A Better Way For The Federal Reserve To Steer The Economy

Jerome Powell, President Trump’s pick to chair the Federal Reserve, will probably spend some of Thanksgiving weekend prepping for his Senate confirmation hearing on Nov. 28. One paper he ought to study, if he hasn’t already, is a Swedish economist’s take on a better way for the world’s most powerful central bank to steer the world’s biggest economy.

Lars Svensson of the Stockholm School of Economics sympathizes with the idea that the Fed should have a systematic method of setting interest rates, but he argues—along with many other economists—that it’s also important for the Fed to use judgment and take advantage of all the information that’s available. He says it would be a mistake to go by the Taylor rule, which takes into account just a handful of considerations, in particular current unemployment and inflation, and isn’t forward-looking. The Taylor rule is named after John Taylor, the Stanford University and Hoover Institution economist who was one of the other >finalists for the top job at the Fed.

In October, at a >conference sponsored by the Federal Reserve Bank of Boston, Svensson presented a >paper advocating what he calls “forecast targeting.” The idea is simple, if not easy to execute. The Fed should agree on a future path for the federal funds rate so that its forecasts for inflation and unemployment “look good.” Looking good means that inflation is at or near the Fed’s objective of 2 percent, and there’s full employment.

According to Svensson, if the Fed gets it wrong on its first try—that is, if its interest-rate path is predicted to leave inflation and unemployment at undesirable levels--it should try again. It should map out out other interest-rate trajectories until it comes up with one in which forecasted inflation and unemployment are where the Fed wants them to be. Then it should publish that forecast for the world to see and tweak it as new information comes in.

In Svensson’s vision, the Fed doesn’t go by where inflation and unemployment are today, as in the Taylor rule. It goes by where the Fed ultimately wants them to end up. It’s like Wayne Gretzky skating to where the puck is going, to use a metaphor a Swede would likely appreciate. 

Here’s Svensson: “In contrast to simple policy rules that rely on very partial information in a rigid way, such as Taylor-type rules, forecast targeting allows all relevant information to be taken into account and has the flexibility and robustness to adapt to new circumstances.”

The European Central Bank and the Bank of England already release staff or consensus forecasts for key variables. Even the Fed does something like forecast targeting, Svensson acknowledges. “Forward guidance,” in which the Fed lays out where it sees interest rates going, is a close cousin of forecast targeting. At a debate on communication in Frankfurt on Nov. 14, top central bankers >mostly agreed that forward guidance is a valuable tool.

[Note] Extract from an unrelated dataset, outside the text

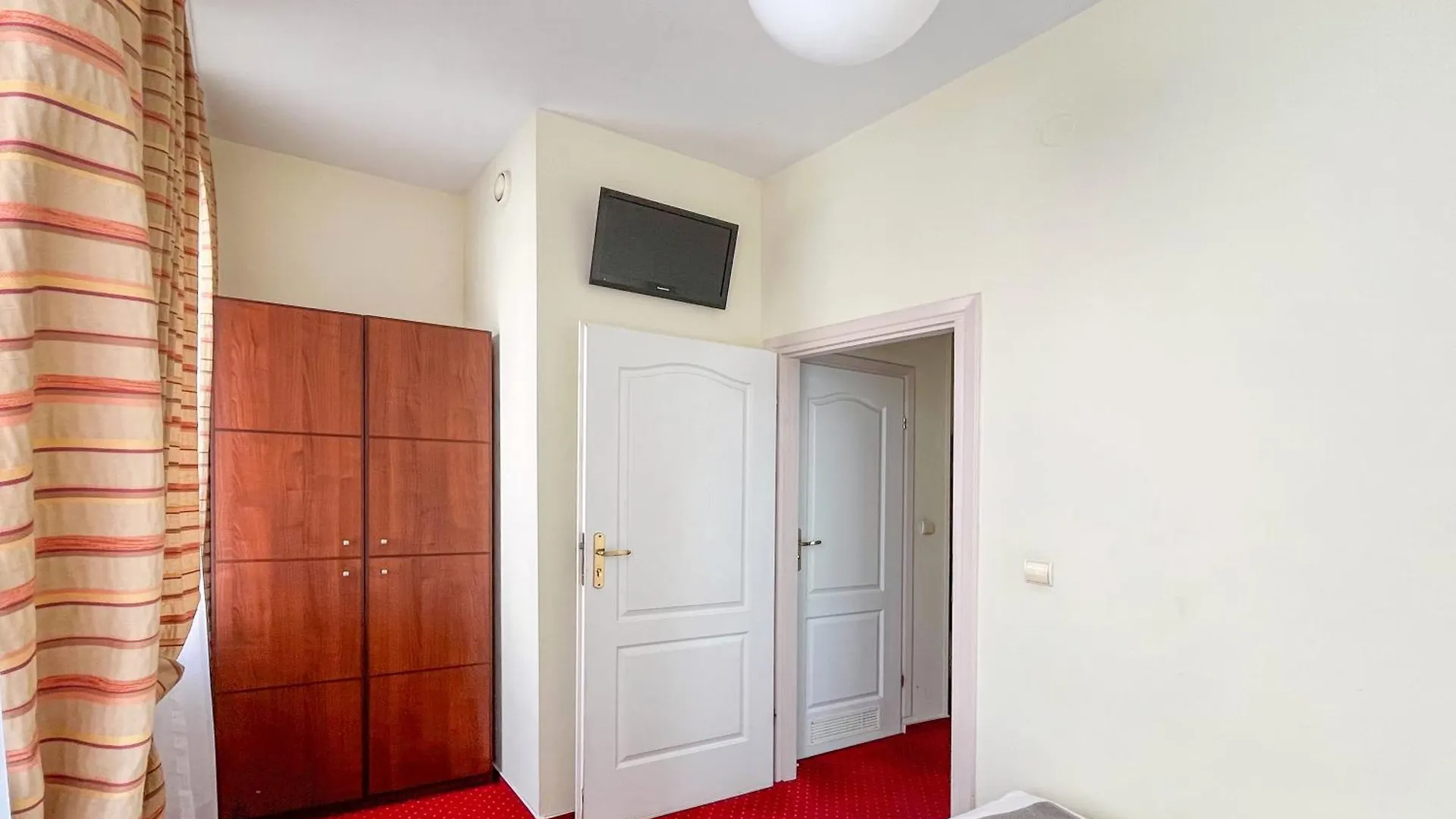 Fry House Hostel Warsaw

But it’s not quite what Svensson has in mind. There is no unified economic forecast by the Fed’s decision-makers, who are the members of the Board of Governors and a rotating set of the regional Fed bank presidents. The closest the Fed comes is a Summary of Economic Projections, issued most recently on Sept. 20. That has a few problems. It gives equal weight to voting and non-voting members of the FOMC. More important, it includes only the median projections for various indicators. There is no consensus view of how a given trajectory for the federal funds rate will affect the economy. It’s “more of a snapshot of the views of the FOMC and not a conscious choice by the FOMC,” Svensson writes.


Last year, the Brookings Institution’s Hutchins Center on Fiscal and Monetary Policy surveyed economists about the Fed’s Summary of Economic Projections. Only a third said the famous “dot plot,” which conveys FOMC members’ forecasts for interest rates, was useful or extremely useful. David Wessel, the center’s director, and Peter Olson, a research analyst there, solicited nine suggestions for how to improve the projections, ranging from doing away with the dot plot altogether, to identifying which committee member was behind each dot (e.g., Joe Schmo, 2.125 percent, 2018). 

The economists’ first suggestion for improvement was very like what Svensson advocates. Former Federal Reserve Chair Ben Bernanke, a distinguished fellow in residence at the Hutchins Center, told Wessel and Olson that the FOMC tried to create a consensus forecast in 2012, but “given the large size of the committee and the disparate views represented,” it was “unable to agree on a procedure for developing such a forecast in a timely way.” Still, Bernanke told them, he “thinks there’s potential there, mentioning it as a possible way forward if it can be done.”